“A little learning,” the poet Alexander Pope once wrote, “is a dangerous thing.”
Centuries before Jesus, the philosopher Socrates was sentenced to death for corrupting the youth of Athens with his radical ideas. Since then, regimes with totalitarian aspirations (Nazi Germany comes to mind) have tried to suppress free thought, sometimes through the gathering and burning of books judged to be too subversive.
In Ray Bradbury’s science-fiction classic Fahrenheit 451 — the title is a reference to the temperature at which book pages catch fire — the totalitarian government considers all books to be subversive. After all, who knows what rebellious behavior might be incited by Plato, or Shakespeare, or even The Little Engine That Could? In Bradbury’s dystopian future, “firemen” don’t put out fires, they start them. Books are banned, and the fireman’s mission is to find the stashes and turn them to ashes.
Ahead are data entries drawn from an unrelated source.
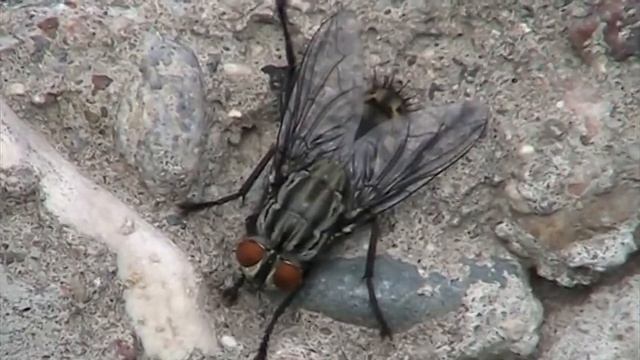 Flesh Fly (Sarcophagidae: Sarcophaga) Resting смотреть онлайн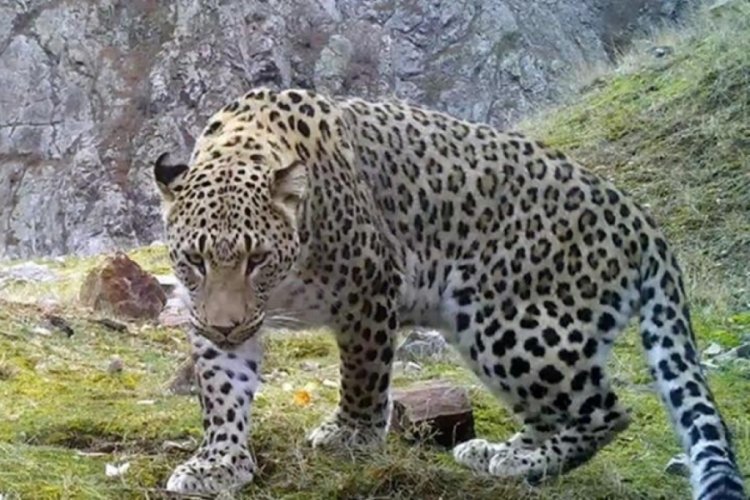 Akdeniz ve Ege'de 'Anadolu leoparı'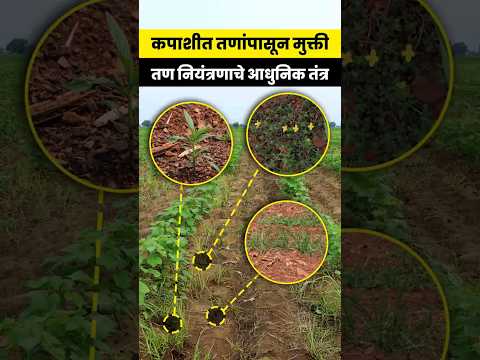 कपाशीमध्ये तणांपासून मुक्ती अशी मिळवा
At my house, that would be a big fire. Not to mention my office.
But the book burning Luke describes in Acts 19 was something different. It was a spontaneous and voluntary event, not something imposed by a dictator on an unwilling populace.
It came in the wake of the spiritual fiasco with the sons of Sceva, who had arrogantly tried to use the name of Jesus to cast out an unwilling demon. When the possessed man thrashed the seven would-be exorcists, sending them running into the street naked and bleeding, word got around. People realized that Jesus’ name was not to be taken lightly.
Here’s how the story ends:
Many of those who had come to believe came, confessing their past practices. This included a number of people who practiced sorcery. They collected their sorcery texts and burned them publicly. The value of those materials was calculated at more than someone might make if they worked for one hundred sixty-five years. In this way the Lord’s word grew abundantly and strengthened powerfully. (Acts 19:18-20, CEB)
The textbooks of the day were scrolls, and very expensive to own. As we’ve seen in recent posts, magic or sorcery was a common practice in Ephesus. Many of the scrolls there contained incantations and spells (some have actually been found and preserved in museums). Through these scrolls, wannabe sorcerers hoped to learn the arcane phrases they needed to manipulate the spirits in their favor.
But when the debacle with the sons of Sceva hit the headlines, fear fell on the city. Even the demon who overpowered seven men had shown deference to the name of Jesus; dare the people do less?
What may come as a surprise here is that many of the people who decided to make a bonfire out of their sorcery scrolls were already Christians, people who had heard and received the gospel. It’s not clear whether they were still practicing magic of some kind, but they hadn’t yet given up their sorcery libraries. Chances are, they hadn’t quite given up the sorcerer’s way of thinking yet either: the attitude that says Let’s have God serve us, rather than the other way around.
Luke wants us to understand the significance of their sacrifice, in two ways. First: monetary. The Ephesians had paid handsomely for these scrolls. Luke says they were worth “fifty thousand pieces of silver”; the coins are assumed to be Greek drachmas or Roman denarii, each worth approximately a day’s wages for a laborer. In the translation above, the Common English Bible works that out to 165 years of wages.
Here’s another way to look at it. At the time of this writing, the minimum wage in California is $12 an hour for small businesses. Assuming an 8-hour day, a day’s wages is $96 before taxes. Multiply that by 50,000, and you get a bonfire worth nearly $5 million.
Inflation or no, that’s some serious Ephesian coin.
Second, however, is the spiritual significance of the sacrifice. When they finally and definitively turned their backs on sorcery, the power of the gospel grew in strength among the people.
I don’t know about you, but I don’t happen to have any sorcery books on my shelves; there are no books about magic on my Kindle. I’m guessing you can say the same.
So why should we care about this odd little episode in Acts?
Because even as Christians, we don’t have to be sorcerers to think like sorcerers. God does not exist to do our bidding. Adding the phrase “in Jesus’ name” to the end of a prayer does not automatically obligate God to do what we ask.
But wait — doesn’t Jesus teach his disciples to pray to the Father in his name? Of course. The question, however, is this: in what relationship do we stand to Jesus when we invoke his name to the Father? Are we trading on that name for our purposes, or aligning with his purposes? Are we calling on the name of one we hope will do our bidding, or one whom we love, revere, and worship?
Because it’s only in the latter case that the power of the gospel grows.